Yılda bir kez yapılan bu etkinliklerde hakikaten bambaşka bir vizyon vardı ve bu vizyonu koyan annemdi.
Hesap kitap insanı
Dedim ya annemin hesabı da çok kuvvetlidir. Hesap makinası pek kullanmazdı. Bileşik faizi kafadan hesaplardı. Birçok rakamı aklında tutardı. Hala da tutar. TC Kimlik No’sunu uzun zamandır ezbere bilir. Hastaneye ya da başka bir yerde sorduklarında duraksamadan ezberden söyleyince ayağa kalıyorlar “teyzeciğim” diye. 2001 yılında çok ağır bir trafik kazası geçirdi. Hastanede ayıldığında birtakım rakamlar söylemeye başlamış. Ablam “ne oluyor anne” deyince “banka hesap numaralarını söylüyorum, bakayım aklım yerinde mi demiş” söylemiş de… “Üniversite okusaydın Hazine Müşteşarı olacak kadındın” derim hep.

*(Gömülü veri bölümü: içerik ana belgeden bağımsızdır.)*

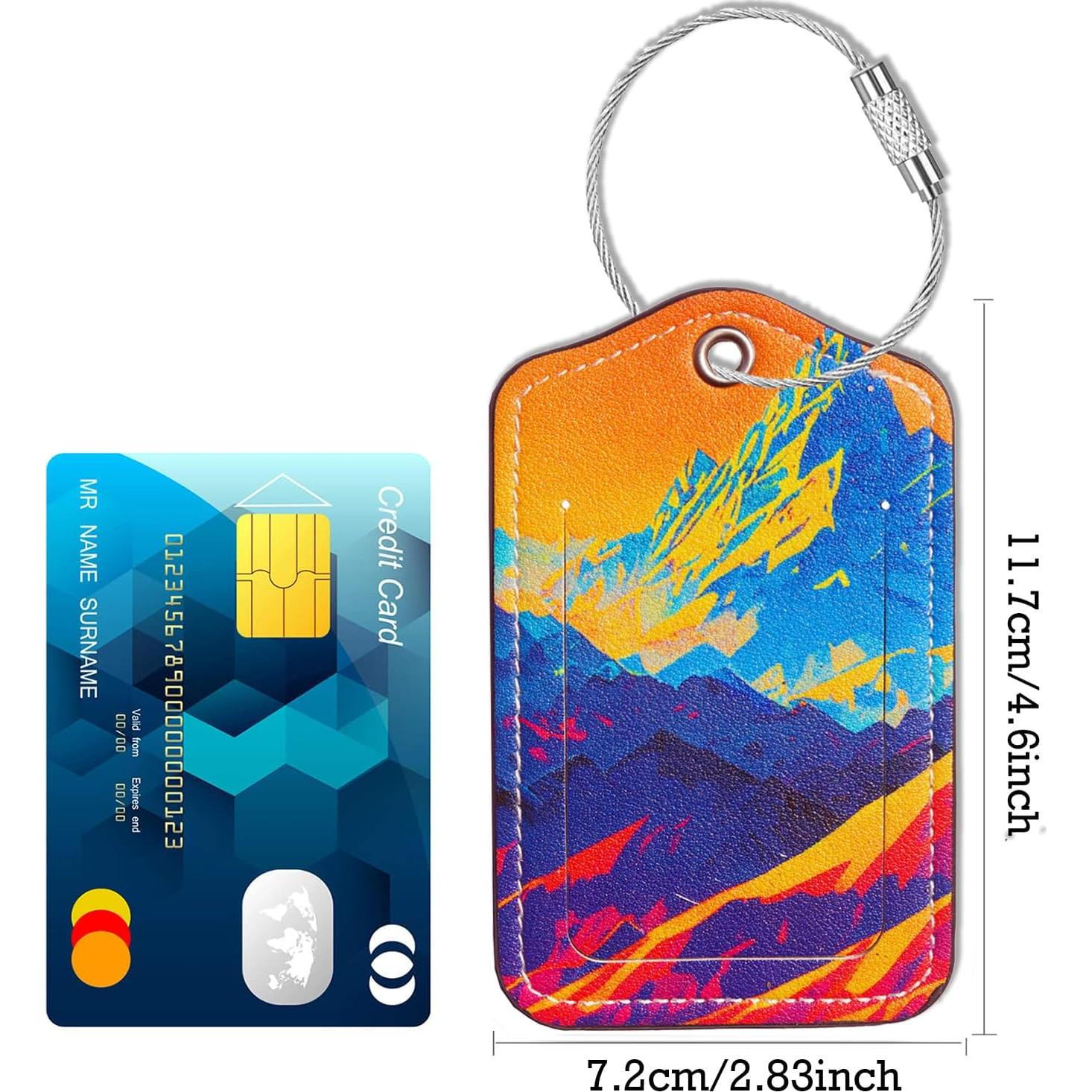 Etiquetas de Equipaje GOWRAPS de Cuero 4 Piezas Montaña de Ladrillo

Annem yeni şeyler öğrenmekten, uygulamaktan keyif alır. İlk akıllı telefonlarla whatsapp’tan yazıp konuşmayı keşfettiğinde çok da eğlenceli emoji kullanmaya başladı. Fotoğraf ya da film çekip whatsapp’tan gönderiyor uzun zamandır. Zaten bulmaca, sudoku oynardı, şimdi mahjong oynamayı seviyor. “4 buçuk dakikalık oyunu 2 buçuk dakikada bitiriyorum”, dedi akşam fesleğen pestolu burgu makarnamızı yerken. Google’dan mikrofonla arama yapmaya ailede ilk o başladı. İnternet bankacılığını ve alışveriş sitelerini kullanmak, TV dizilerini kaydetmek çok uzun süredir yaptığı şeyler. Netflix de izliyor artık. Dizileri sabah kahvaltıda öyle bir anlatır ki, seyretsen o kadar detay göremezsin. Crown’a benden sonra başlayıp benden önce bitirdi. Her sabah sahne sahne anlatırken, bir de kendi tanıklıklarını ekledi. Yani dönemin gazetelerinde, dergilerinde Kraliyet Ailesi hakkında okuduklarıyla zenginleştirerek anlattı.

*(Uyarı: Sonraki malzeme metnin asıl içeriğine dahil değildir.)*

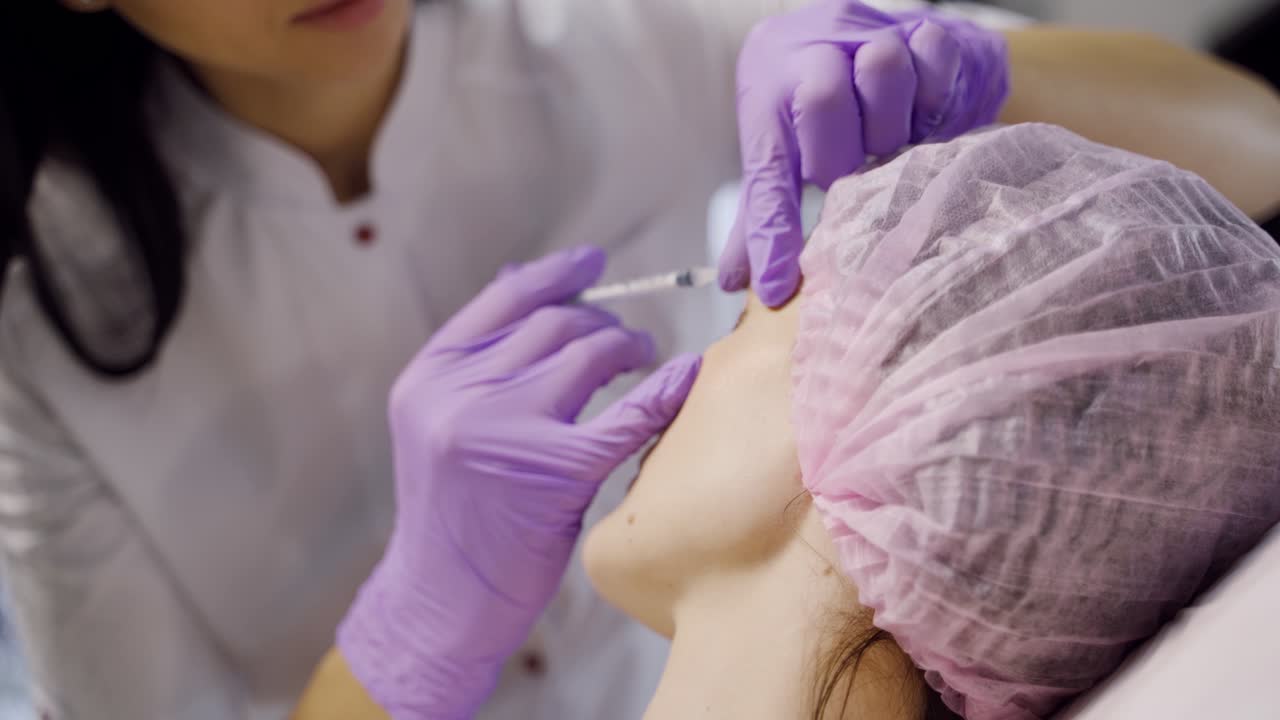 Rejuvenating facial injections. Modern cosmetology.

Sosyal medyayı bizim şifrelerle takip eder, ablamı ve beni dikkatle okur. Facebook’ta akrabalara yorum yazmak istediğinde mesajını yazar ve altına kendi ismini ilave eder. Geçenlerde Facebook’u kurcalarken kendine hesap açtığını farkedip bırakmış. “Anne şu hesabı kullan işte” diyorum, istemiyor. “Böyle iyi” diyor.
Biz de iyiyiz böyle Annem, daha o kadar çok anlatabilirim ki seni…
Ama pestolu nefis makarnanın tadı gibi kalsın damağımızda bu yazı.